> **Aim of the exercise**
Nothing in the entries may change when you repeat them, and no images may appear.

> **Records for this task**
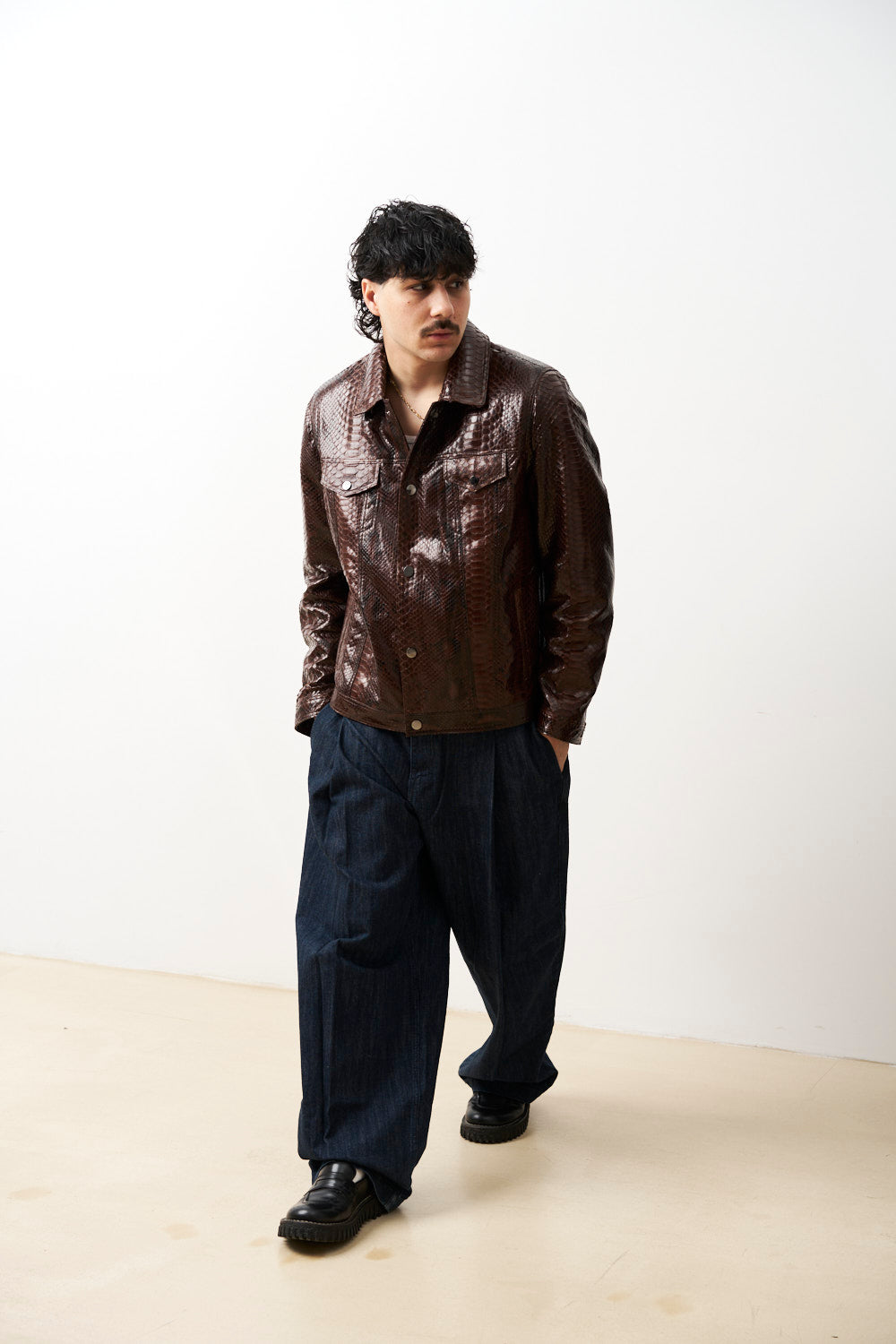 Geacă din piele naturală de piton pentru bărbați, Maro, Mareus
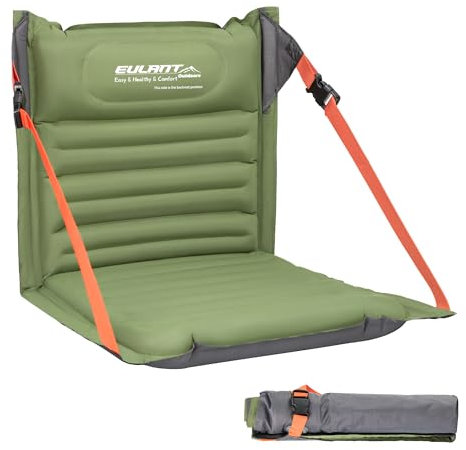 EULANT Inflatable Stadium Seat Cushion with Back Support, Portable Floor Chair with Backrest for Camping, Beach, Garden,Kayaking, Hiking, Stadium, Sporting Events, Concert Excursions,Outdoor Sit Mat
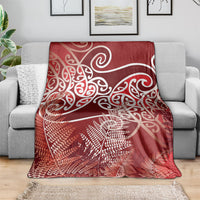 Aotearoa Maori Koru Curves Blanket Silver Ferns - Crimson Red
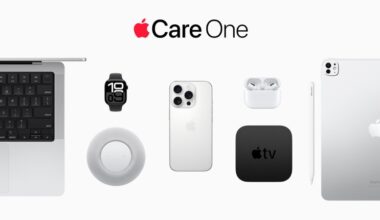 Care One logo with a row of Apple devices (MacBook, Apple Watch, iPhone, AirPods, Apple TV, iPad Pro)
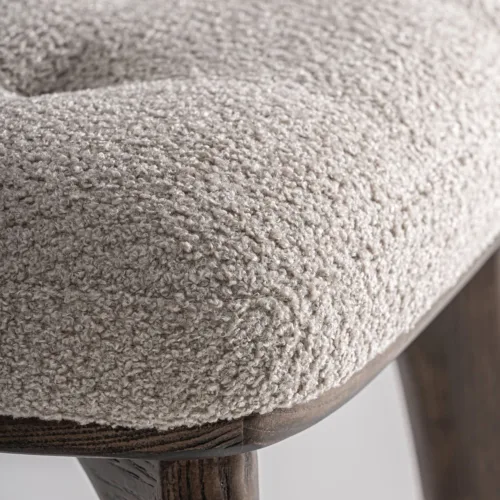 Taburete de madera de fresno tapizado beige Zemst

> **Result of the exercise**
 Geacă din piele naturală de piton pentru bărbați, Maro, Mareus
 EULANT Inflatable Stadium Seat Cushion with Back Support, Portable Floor Chair with Backrest for Camping, Beach, Garden,Kayaking, Hiking, Stadium, Sporting Events, Concert Excursions,Outdoor Sit Mat
 Aotearoa Maori Koru Curves Blanket Silver Ferns - Crimson Red
 Care One logo with a row of Apple devices (MacBook, Apple Watch, iPhone, AirPods, Apple TV, iPad Pro)
 Taburete de madera de fresno tapizado beige Zemst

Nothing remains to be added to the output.